🤖 AI Summary
This paper investigates whether price volatility can be fully explained by the superposition of “meta-orders” exhibiting square-root impact (i.e., price impact ∝ √volume). Method: We develop a theory-driven artificial market generator that explicitly models the endogenous links among order flow imbalance, price impact, and volatility; further, we propose a generalized order flow measure enabling unbiased reconstruction of large hidden orders—and estimation of their impact curves—directly from anonymous tick-by-tick transaction data. Contribution/Results: Empirical validation demonstrates that the synthetic market accurately replicates the empirical square-root impact law, the order-flow–return correlation structure, and key volatility features of real markets. Our work overturns the conventional view that impact functions cannot be recovered from anonymous trade flow, establishing that price fluctuations are fully attributable to the square-root superposition of meta-orders. This provides a novel paradigm for market microstructure modeling and impact estimation.
📝 Abstract
This work extends and complements our previous theoretical paper on the subtle interplay between impact, order flow and volatility.

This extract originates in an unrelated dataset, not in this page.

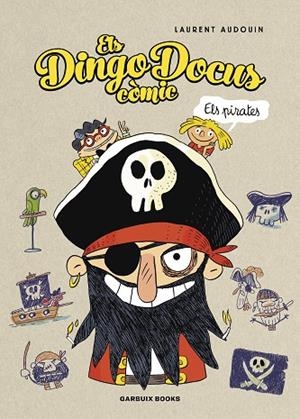 ELS DINGO DOCUS - ELS PIRATES | 9788419393456 | AUDOUIN, LAURENT | Llibreria L'Altell - Llibreria Online de Banyoles | Comprar llibres en català i castellà online - Llibreria de Girona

In the present paper, we generate synthetic market data following the specification of that paper and show that the approximations made there are actually justified, which provides quantitative support our conclusion that price volatility can be fully explained by the superposition of correlated metaorders which all impact prices, on average, as a square-root of executed volume. One of the most striking predictions of our model is the structure of the correlation between generalized order flow and returns, which is observed empirically and reproduced using our synthetic market generator. Furthermore, we were able to construct proxy metaorders from our simulated order flow that reproduce the square-root law of market impact, lending further credence to the proposal made in Ref. [2] to measure the impact of real metaorders from tape data (i.e. anonymized trades), which was long thought to be impossible.